BRASILIA (Reuters) - Brazil’s ruling party urged senators on Tuesday to back a constitutional amendment that caps federal spending for 20 years and reject an opposition request that it be put to a national referendum, which would delay its approval until next year.
The flagship measure in President Michel Temer’s effort to restore Brazil’s fiscal discipline cleared the lower house of Congress last week and the government is confident it can win Senate approval by mid-December.
But leftist senators are demanding more debate on the austerity measure and have included a clause providing for a referendum before it can be put into effect. Any changes to the proposal would require approval in the lower chamber, making it all but impossible to pass this year.
Senator Eunicio Oliveira, Senate leader for Temer’s Brazilian Democratic Movement Party, said Brazil was running out of time to put its books in order and urged that the legislation be approved without changes.
“I am all for debate, but we must stick to the calendar,” Oliveira told reporters after reading the proposal to the standing committee on the constitution and justice, which will vote on the measure on Nov. 9.
Two rounds of voting in the full Senate are scheduled for Nov. 29 and Dec. 13. The government enjoys a majority and expects to repeat its victory in the lower house, where the cap passed by a comfortable 359-116 margin.
Oliveira told Reuters that the opposition, led by the recently ousted Workers Party, were adopting delaying tactics. “They know they can’t win so they are trying to delay,” he said.

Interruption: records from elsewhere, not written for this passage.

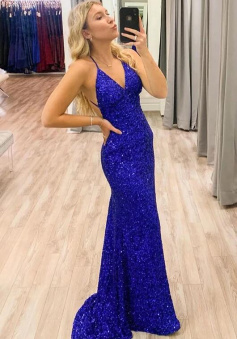 A Line Royal Blue Sequins Prom Dress with Cross Back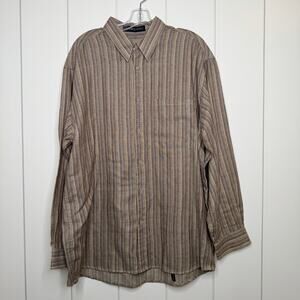 Jhane Barnes All Right Textured Striped Button Up Shirt L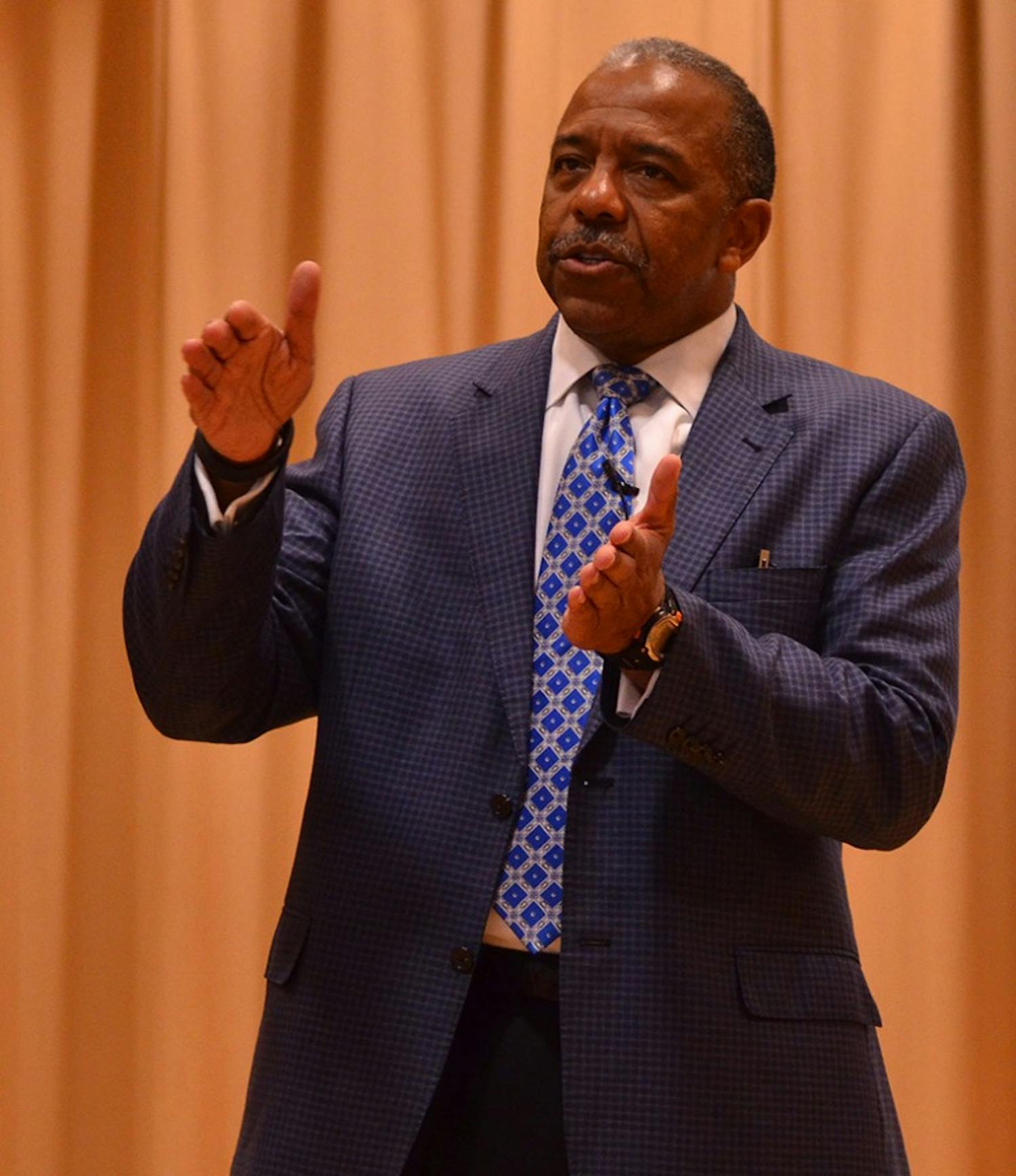 Dr. Bernard Harris Jr. spoke in front of middle and high schoolers in the Stone Center on Thursday, April 15th. Dr. Harris was the first African-American Astronaut to conduct a spacewalk and currently works for Vesalius Biocapital, a venture capital firm that invests in medical startups.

Workers Party Senator Gleisi Hoffmann, who proposed the national referendum on Monday, accused the government of stifling debate and rushing the legislation through because it does not want to discuss unpopular spending cuts.
The constitutional amendment would limit the growth of public spending each year for two decades to the rate of inflation of the previous 12 months, though it can be revised after 10 years. To make it more palatable to Brazilians, cuts to spending on education and health were put off until 2018.
The measure is aimed at plugging a budget deficit that ballooned to more than 10 percent of gross domestic product last year, costing Brazil its investment grade credit rating.